The snow leopard feeds on the Tibetan blue sheep-a peculiar animal itself and weirdly symbiotic with its predator. Their other predators are humans. Al tells me of leading an exhausted group into a village where he sees a small shop with two hanging legs of a blue sheep. He arranges to buy one to feed his famished crew.  Before handing it to him, the shop-keeper takes a big bite from the thigh. "Hey, that’s my meat!" Al exclaims, then stops when the man spits out a musket ball. He’ll use it again on the next hunt.
As impressed as I was by "The Snow Leopard," I never really understood what Matthiessen had achieved until I talked to Al about it. Part of the Dolpo mystique is its proximity to Tibet. As Al explains, Dolpo is geologically, culturally, and in some sense spiritually part of Tibet. Nepal is predominantly Hindu, but Dolpo is Tibetan Buddhist. It is the intersection of these two intertwining religions that lends the local monasteries their esoteric legends. Lamas have such renown that they infuse an entire town with their psyche and the local residents live and die within their spiritual shadow. 

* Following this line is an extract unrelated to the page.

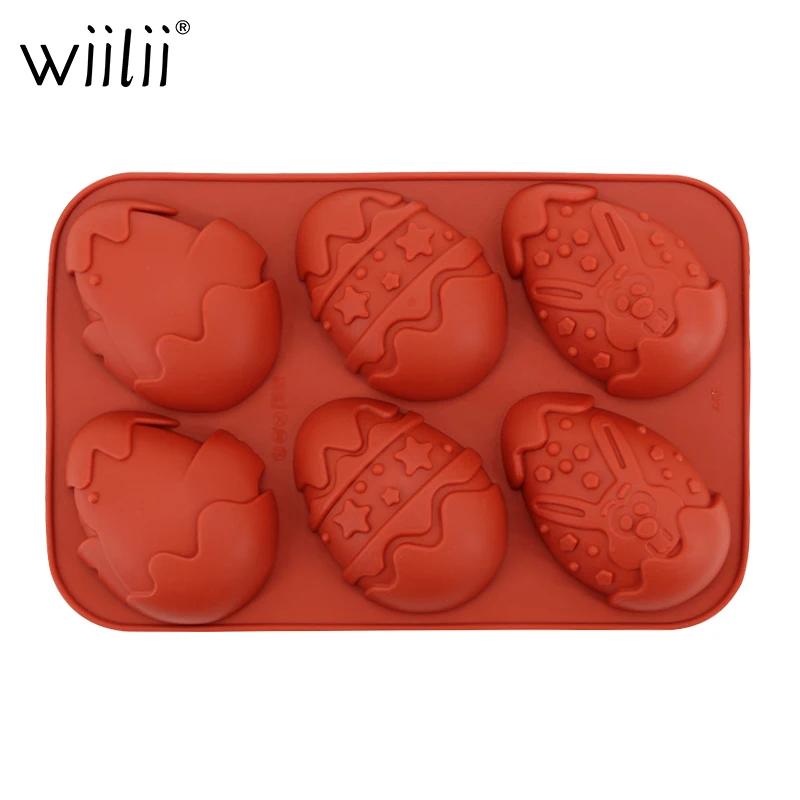 Muffin,Cupcake,Candy Set of 2 Easter Egg Dessert Silicone Baking Molds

"The Snow Leopard" was about the quest for the elusive. In other words, life itself. I took from it a lot of questions. Are these pursuits worth it? Who really gives a damn anyway? Do you ever find what you are looking for? Then what do you do, look for the next animal or whatever?  And most of all, if you don’t find it, does it matter?  Is the point of climbing to stand on the peak?  Is the point of trekking, or traveling at all, to go somewhere? 
Or is it, as Zen master Matthiessen may tell us, that there is no point and there never really was a point. And that’s the point.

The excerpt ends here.